To do: 1. Laundry 2. Lunch with Jill. 3. Canning. 4. Romp in the sheets. 5. Write Federalist column. 6. Me-time!!!
Sexting him during work, or perhaps on his way home, will prime him for the event.
"Went right through the crossing gate just as the train was coming, Detective. We found this on his phone."
Lucky for you, there is a good chance he will reciprocate with hot texts and pictures.
"What're you doing, Len?" "Taking a dump, same as you." "Yeah but your foot's all the way inside my stall!" "Just trying to get a good angle." "What?" "Oh, come on. You're a married man yourself!"
...Sure, he has seen you naked a thousand times. But your man won’t turn down seeing you nude if he has the opportunity. A man is a visual creature, and a woman has the visual assets to intensify the attention she receives from her spouse, if she so chooses...
I could go on (I'm tempted, believe me -- I haven't even gotten to "Yes, this refers to the all-important Spank Bank", nor her reference to the "coitus arsenal"), but I have to ask: Who is this for? Some lady who doesn't know men like homemade porn? Is it like a rightwing version of Joan Allen in the tub in Pleasantville? Here's what I think: After the 2012 election, Instapundit Glenn Reynolds called on conservatives to take over ladies' magazines, on the theory that they could be used to hypnotize women into voting Republican. Maybe Schoonveld is a sleeper cell. (Picked a bad year to activate her, if so!) Either that --
Your goal is keeping him focused on your skills and assets, proving to him that you still think about taking his skin bus to Tuna Town too...
...or it's a Poe. Won't be the first time one has fooled me.


Thursday, May 12, 2016

DON'T SELL THE STEAK, SELL THE SCHIZO.

I think Budweiser's plan to call itself "America" through the summer is very clever. In these days of fancy beer, heritage and value are what they have going for them, and it's generally better to emphasize the former than the latter. And if Bud ain't American, what is?  (I have in my old age adopted fancy-beer ways, to my great shame, but when I visited a VFW hall in Takoma Park last year, Bud was what there was and I drank it happily and in volume, as the Founders intended.)

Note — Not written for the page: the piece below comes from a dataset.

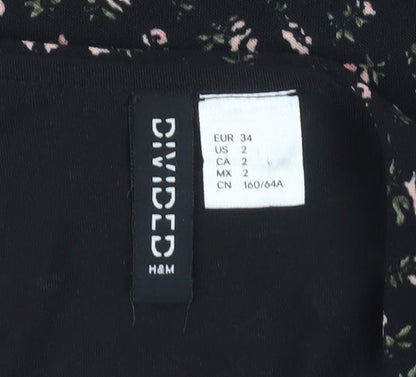 H&M Divided Womens Black Floral A-Line Skirt Size 6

I would not have thought of this as a political thing at all, but here comes one Adam Schaeffer at The Federalist to tell us that the buzzword factory at which he works tested the campaign -- probably not at Budweiser's behest, or he wouldn't be publicizing the results like this -- and found it causes "Republican women" to "move +18 points toward Trump and away from Clinton."

Doubt if you will the lasting impact of such an effect, or even the veracity of his story, but feast with me on Shaeffer's analysis:
Taking a closer look, the Bud ad hits some powerful emotional buttons, themes, and stereotypes. The voiceover claims Bud is “proudly a macro brew” over a driving, stripped down, thumping soundtrack (piss off — we are who we are, and if you don’t like it, too friggin bad).

Quick cuts flash by — the pounding hooves of huge, strong Clydesdales, majestic trees, swinging axes, red …

The voiceover says Bud isn’t “brewed to be fussed over” and is “brewed for drinking not dissecting” (you’re the one who should be embarrassed, not us, you little sissy). More red, sissy men, manly men, red, large machines, victory cheers, steam, welding sparks.

It ends with a parting shot: “Let them sip their pumpkin peach ale. We’ll be brewing us some golden suds” (you’re beer is lame and so are you, we’re awesome, so there). More sissy men, manly men, logos, red, logos, red.

I’m stretching a bit here, but bear with me … what Party is most associated with the stereotype of a fussy, condescending, sissy man? And which Party goes with the stereotype of a no-nonsense, prideful, manly-man? How do these stereotypes feel about each other?
It's like the brainwashing scene in The Parrallax View, except I'm hearing "Yakety Sax" in the background. I wonder if people will still respond to these equities when America is a smoking crater?